Most contemporary robotic systems rely on a two-phase pipeline: (1) offline training using reinforcement learning or imitation learning in simulation (e.g., Isaac Gym, MuJoCo, or Habitat), followed by (2) zero-shot deployment with no further weight updates. The problem is that simulation-to-reality (sim-to-real) transfer introduces inevitable domain gaps—unmodeled friction, sensor noise, actuator wear, and environmental variability. Even the best simulators cannot capture the full complexity of the physical world. The result is that robots degrade in performance over time as components age and environments shift.
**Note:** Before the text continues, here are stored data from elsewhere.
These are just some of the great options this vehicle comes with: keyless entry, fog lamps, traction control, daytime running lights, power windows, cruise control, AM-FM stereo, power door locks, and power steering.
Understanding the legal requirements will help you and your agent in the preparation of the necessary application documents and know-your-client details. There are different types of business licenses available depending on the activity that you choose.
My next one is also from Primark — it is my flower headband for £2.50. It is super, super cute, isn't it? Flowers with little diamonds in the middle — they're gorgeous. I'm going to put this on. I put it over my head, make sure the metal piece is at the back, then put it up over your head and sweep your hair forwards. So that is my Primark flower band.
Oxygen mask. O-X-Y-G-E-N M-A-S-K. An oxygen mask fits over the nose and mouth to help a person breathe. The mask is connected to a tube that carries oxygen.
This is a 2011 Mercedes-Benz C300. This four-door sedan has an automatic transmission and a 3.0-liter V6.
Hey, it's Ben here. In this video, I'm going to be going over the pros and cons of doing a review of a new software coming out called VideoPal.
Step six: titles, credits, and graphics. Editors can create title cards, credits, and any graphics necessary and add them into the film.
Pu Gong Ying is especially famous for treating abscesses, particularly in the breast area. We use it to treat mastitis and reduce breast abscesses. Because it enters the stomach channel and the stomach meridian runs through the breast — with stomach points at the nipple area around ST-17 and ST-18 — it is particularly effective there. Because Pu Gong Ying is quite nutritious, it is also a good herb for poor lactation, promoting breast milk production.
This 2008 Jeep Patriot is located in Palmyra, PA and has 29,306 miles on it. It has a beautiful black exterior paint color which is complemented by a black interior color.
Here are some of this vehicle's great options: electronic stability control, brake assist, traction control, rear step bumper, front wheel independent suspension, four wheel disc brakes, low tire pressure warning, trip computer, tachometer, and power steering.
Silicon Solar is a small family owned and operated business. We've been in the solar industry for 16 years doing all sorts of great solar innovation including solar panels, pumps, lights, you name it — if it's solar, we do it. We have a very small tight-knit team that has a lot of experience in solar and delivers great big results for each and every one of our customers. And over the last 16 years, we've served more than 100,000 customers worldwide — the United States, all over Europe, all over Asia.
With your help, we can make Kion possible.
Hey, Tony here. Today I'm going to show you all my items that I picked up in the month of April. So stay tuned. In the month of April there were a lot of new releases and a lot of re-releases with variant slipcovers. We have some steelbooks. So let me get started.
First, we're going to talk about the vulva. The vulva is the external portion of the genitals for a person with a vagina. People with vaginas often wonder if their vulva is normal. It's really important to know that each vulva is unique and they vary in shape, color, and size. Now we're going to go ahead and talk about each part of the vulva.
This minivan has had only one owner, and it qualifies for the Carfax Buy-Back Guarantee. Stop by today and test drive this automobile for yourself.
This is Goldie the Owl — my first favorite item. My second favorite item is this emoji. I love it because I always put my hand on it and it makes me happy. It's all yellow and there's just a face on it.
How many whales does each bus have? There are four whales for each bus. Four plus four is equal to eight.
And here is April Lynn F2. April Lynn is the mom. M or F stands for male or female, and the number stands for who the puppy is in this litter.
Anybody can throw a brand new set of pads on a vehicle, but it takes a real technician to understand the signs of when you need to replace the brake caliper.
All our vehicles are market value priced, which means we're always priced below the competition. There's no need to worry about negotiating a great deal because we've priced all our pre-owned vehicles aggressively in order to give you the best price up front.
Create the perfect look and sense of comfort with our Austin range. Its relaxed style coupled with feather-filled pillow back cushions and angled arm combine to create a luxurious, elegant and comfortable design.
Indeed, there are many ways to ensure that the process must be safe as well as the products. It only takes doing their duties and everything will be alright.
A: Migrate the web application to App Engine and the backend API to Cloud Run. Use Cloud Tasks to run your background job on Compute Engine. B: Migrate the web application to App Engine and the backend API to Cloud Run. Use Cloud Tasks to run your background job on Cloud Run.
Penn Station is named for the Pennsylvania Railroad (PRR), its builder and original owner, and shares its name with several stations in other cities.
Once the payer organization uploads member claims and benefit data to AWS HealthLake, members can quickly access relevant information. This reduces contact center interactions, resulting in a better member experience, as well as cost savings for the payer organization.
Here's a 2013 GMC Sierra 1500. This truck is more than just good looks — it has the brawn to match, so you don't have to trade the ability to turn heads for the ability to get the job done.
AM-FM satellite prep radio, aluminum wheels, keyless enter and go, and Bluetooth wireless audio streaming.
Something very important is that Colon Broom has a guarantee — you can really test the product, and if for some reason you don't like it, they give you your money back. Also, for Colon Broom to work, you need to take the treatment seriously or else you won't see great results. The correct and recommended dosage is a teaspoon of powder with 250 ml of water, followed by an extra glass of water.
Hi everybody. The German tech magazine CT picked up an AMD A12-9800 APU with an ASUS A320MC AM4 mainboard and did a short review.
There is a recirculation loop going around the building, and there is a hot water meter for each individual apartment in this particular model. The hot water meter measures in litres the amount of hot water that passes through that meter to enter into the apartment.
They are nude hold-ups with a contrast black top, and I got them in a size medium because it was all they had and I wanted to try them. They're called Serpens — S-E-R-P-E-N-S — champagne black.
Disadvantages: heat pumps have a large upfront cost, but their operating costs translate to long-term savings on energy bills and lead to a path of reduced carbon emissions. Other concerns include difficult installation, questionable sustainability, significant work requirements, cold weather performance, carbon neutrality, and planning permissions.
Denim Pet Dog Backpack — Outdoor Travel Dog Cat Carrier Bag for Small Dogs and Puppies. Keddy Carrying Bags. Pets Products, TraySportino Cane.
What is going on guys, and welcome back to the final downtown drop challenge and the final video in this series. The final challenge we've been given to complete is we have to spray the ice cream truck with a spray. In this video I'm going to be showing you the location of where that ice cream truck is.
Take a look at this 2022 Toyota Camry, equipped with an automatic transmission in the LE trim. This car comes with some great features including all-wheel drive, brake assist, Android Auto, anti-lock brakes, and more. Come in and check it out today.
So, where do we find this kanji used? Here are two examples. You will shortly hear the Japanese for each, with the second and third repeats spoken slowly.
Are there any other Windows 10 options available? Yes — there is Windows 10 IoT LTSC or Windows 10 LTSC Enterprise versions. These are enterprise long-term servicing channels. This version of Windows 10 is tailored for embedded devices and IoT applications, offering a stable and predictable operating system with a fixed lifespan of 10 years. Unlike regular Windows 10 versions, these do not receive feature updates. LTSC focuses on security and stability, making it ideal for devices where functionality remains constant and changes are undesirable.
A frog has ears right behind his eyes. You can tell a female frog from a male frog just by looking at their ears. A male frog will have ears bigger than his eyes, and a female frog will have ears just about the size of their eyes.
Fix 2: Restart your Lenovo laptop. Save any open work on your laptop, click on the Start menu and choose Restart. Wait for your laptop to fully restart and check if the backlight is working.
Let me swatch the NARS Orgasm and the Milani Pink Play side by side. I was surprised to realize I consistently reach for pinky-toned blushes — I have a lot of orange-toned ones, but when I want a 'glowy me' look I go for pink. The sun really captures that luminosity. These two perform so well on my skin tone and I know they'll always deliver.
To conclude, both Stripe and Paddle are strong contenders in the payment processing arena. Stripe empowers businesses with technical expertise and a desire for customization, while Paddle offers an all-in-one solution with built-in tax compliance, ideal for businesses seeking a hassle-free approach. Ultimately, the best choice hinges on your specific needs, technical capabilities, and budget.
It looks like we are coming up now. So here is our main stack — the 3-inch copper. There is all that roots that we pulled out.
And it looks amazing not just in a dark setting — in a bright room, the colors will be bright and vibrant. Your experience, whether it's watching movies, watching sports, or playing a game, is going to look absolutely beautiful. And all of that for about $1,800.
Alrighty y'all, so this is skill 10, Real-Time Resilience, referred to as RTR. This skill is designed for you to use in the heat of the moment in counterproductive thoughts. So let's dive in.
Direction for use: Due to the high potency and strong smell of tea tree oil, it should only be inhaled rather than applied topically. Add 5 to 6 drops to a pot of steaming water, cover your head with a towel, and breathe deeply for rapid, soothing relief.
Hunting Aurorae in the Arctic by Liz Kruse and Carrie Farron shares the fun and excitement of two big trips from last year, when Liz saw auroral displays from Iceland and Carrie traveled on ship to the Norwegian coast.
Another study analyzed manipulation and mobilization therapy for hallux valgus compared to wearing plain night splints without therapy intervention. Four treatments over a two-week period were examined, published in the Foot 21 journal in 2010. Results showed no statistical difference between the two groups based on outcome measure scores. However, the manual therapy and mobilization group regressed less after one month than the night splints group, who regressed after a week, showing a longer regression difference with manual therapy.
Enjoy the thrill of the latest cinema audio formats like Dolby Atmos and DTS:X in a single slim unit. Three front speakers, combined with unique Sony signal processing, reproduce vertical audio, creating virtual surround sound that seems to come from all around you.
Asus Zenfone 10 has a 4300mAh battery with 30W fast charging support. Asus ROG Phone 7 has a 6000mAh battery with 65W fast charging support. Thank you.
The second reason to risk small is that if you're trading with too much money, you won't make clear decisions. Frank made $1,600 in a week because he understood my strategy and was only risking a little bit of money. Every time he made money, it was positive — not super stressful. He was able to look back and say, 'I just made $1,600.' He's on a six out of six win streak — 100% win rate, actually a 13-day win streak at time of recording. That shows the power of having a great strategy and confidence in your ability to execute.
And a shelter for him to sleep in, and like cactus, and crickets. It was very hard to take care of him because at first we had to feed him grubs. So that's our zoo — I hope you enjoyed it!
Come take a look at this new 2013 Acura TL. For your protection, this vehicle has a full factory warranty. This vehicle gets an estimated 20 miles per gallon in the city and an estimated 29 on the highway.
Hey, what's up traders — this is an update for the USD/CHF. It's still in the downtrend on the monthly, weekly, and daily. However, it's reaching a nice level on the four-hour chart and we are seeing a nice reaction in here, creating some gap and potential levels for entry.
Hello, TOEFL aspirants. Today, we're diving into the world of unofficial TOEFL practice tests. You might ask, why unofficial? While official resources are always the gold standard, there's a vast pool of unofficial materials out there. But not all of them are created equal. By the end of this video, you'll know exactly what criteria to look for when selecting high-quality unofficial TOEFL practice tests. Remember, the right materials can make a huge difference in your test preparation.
Professor Cao's proposed solution centers on online model-based reinforcement learning combined with world model updates. Instead of a fixed policy π(a|s), the agent maintains a dynamic world model M(s'|s,a) that is continuously updated using real-world experience. The policy is then re-optimized against the updated model. This creates a closed loop: the agent acts, observes outcomes, updates its internal model of physics and task dynamics, and improves its policy accordingly. This is computationally intensive—requiring on-device or edge-based training—but recent advances in efficient neural network architectures (e.g., TinyML, model distillation, and sparse updates) make it increasingly feasible.

Relevant Open-Source Efforts

Several GitHub repositories are pushing in this direction, though none fully solve the continuous evolution problem:

- robomimic (by the Stanford Vision and Learning Lab, ~1,500 stars): A framework for learning from demonstration, but it focuses on offline imitation learning, not continuous online adaptation.
- rl-starter-files (by NVIDIA, ~2,000 stars): Provides baseline implementations for reinforcement learning in simulation, but again assumes a fixed training environment.
- habitat-lab (by FAIR, ~2,500 stars): A high-fidelity 3D simulator for embodied AI research. While excellent for training, it does not address post-deployment learning.
- dreamer (by Google DeepMind, ~3,000 stars): Implements model-based RL with learned world models. This is architecturally closest to what Professor Cao describes, but it has primarily been demonstrated in simulation, not on real robots with continuous deployment.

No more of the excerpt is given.